In what scenarios does freezing WPF objects benefit performance greatly?

Drew Noakes picture Drew Noakes · Apr 28, 2009 · Viewed 22.9k times · Source

Many types in WPF derive from Freezable. It provides immutability to mutable POCO objects and, apparently, allows for improved performance in certain situations.

Has anyone found that freezing objects within their WPF application has greatly improved performance? If so, then which items gave the biggest performance difference when being frozen?

(Note that I have posted a similar but different question too)

Answer

user180326 picture user180326 · Mar 6, 2010

You might be interested in my experiences with Freezable:

I once wrote a PDF viewer using muPdf which renders bitmaps, that I render with WPF. What helps performance greatly is that I can render the page bitmaps on a background thread, freeze them, and then pass them to the UI thread. It is nice that WPF does not copy the image to freeze it, but the ability to do all this preparation on a background thread was the key benefit for me.

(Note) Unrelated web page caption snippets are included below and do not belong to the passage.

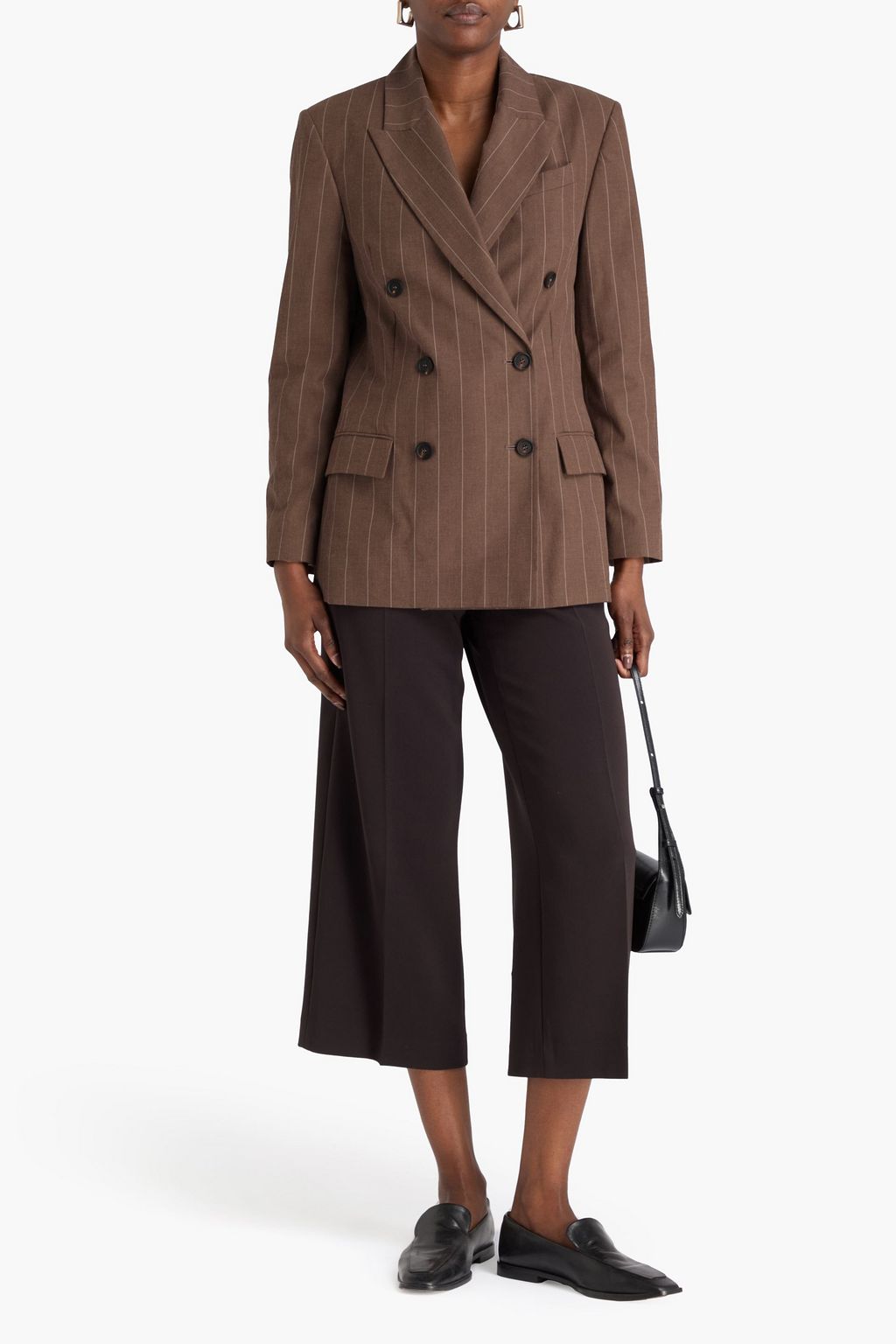 BRUNELLO CUCINELLI Doppelreihiger Blazer aus einer Baumwollmischung mit Nadelstreifen und Zierperlen
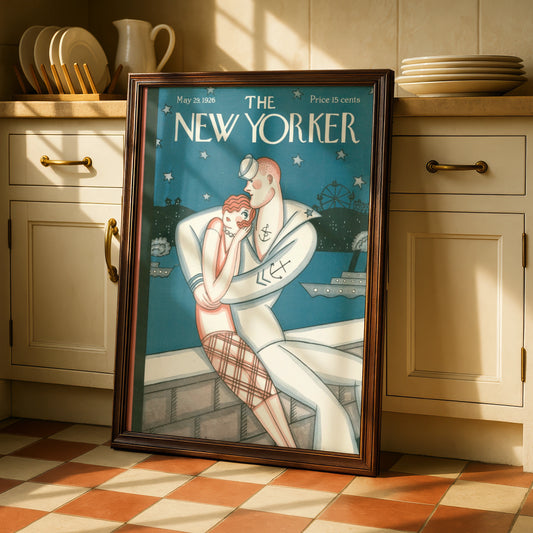 The New Yorker May 1926 Sailor Romance Cover Poster, Vintage Art Deco Wall Art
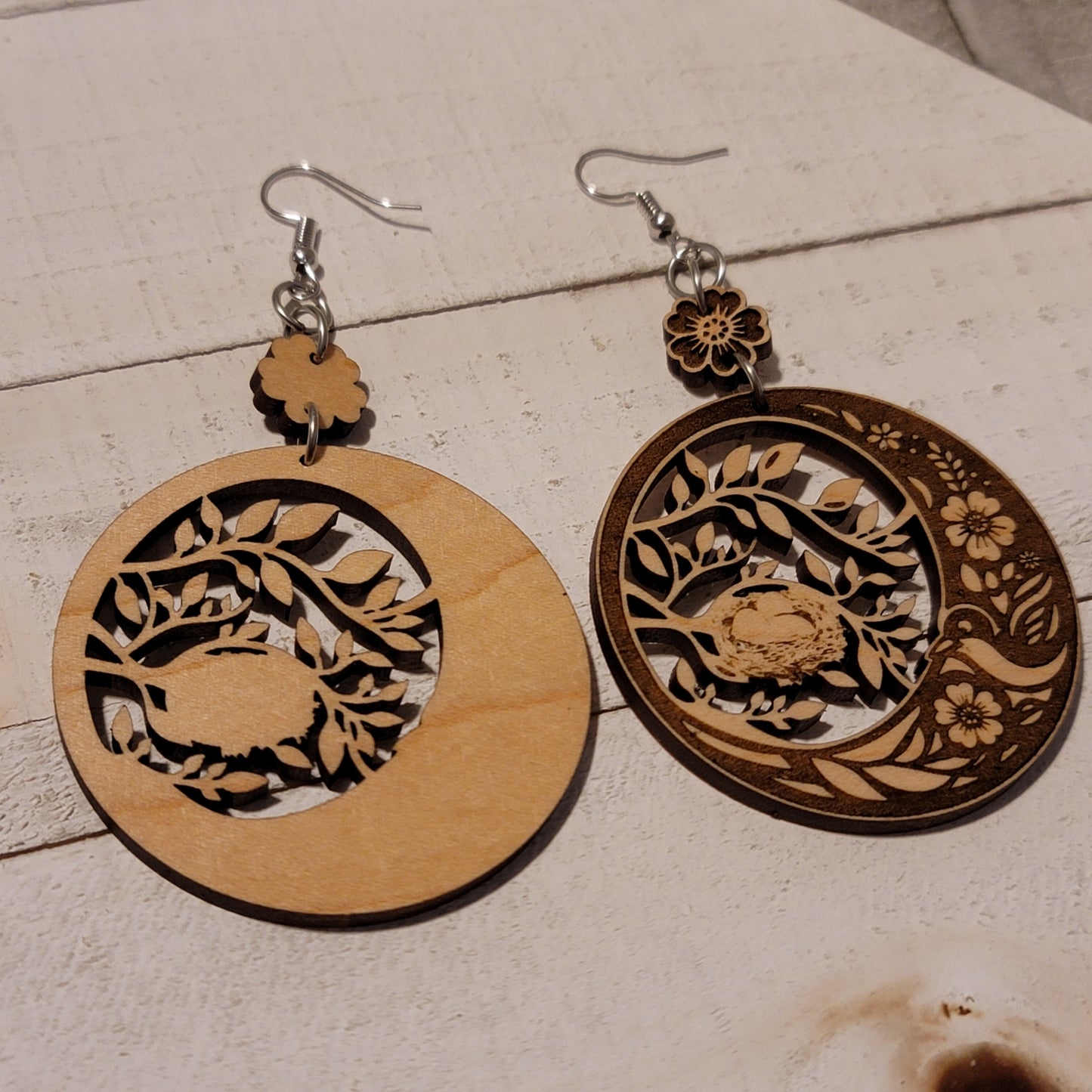 Handmade Nest Maple Wood Dangle Earrings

From what I understand, all visuals need to be frozen so they can be safely rendered by the WPF render thread. If you render large unfrozen visuals, they will get cloned to frozen ones when WPF renders them. If you freeze your static bitmaps beforehand, WPF can just share the pointer with the render thread without cloning. Unfrozen objects may even get copied repeatedly if WPF is not aware wether the object is changed from the last time it was rendered. Frozen objects eliminate the need for all this copying.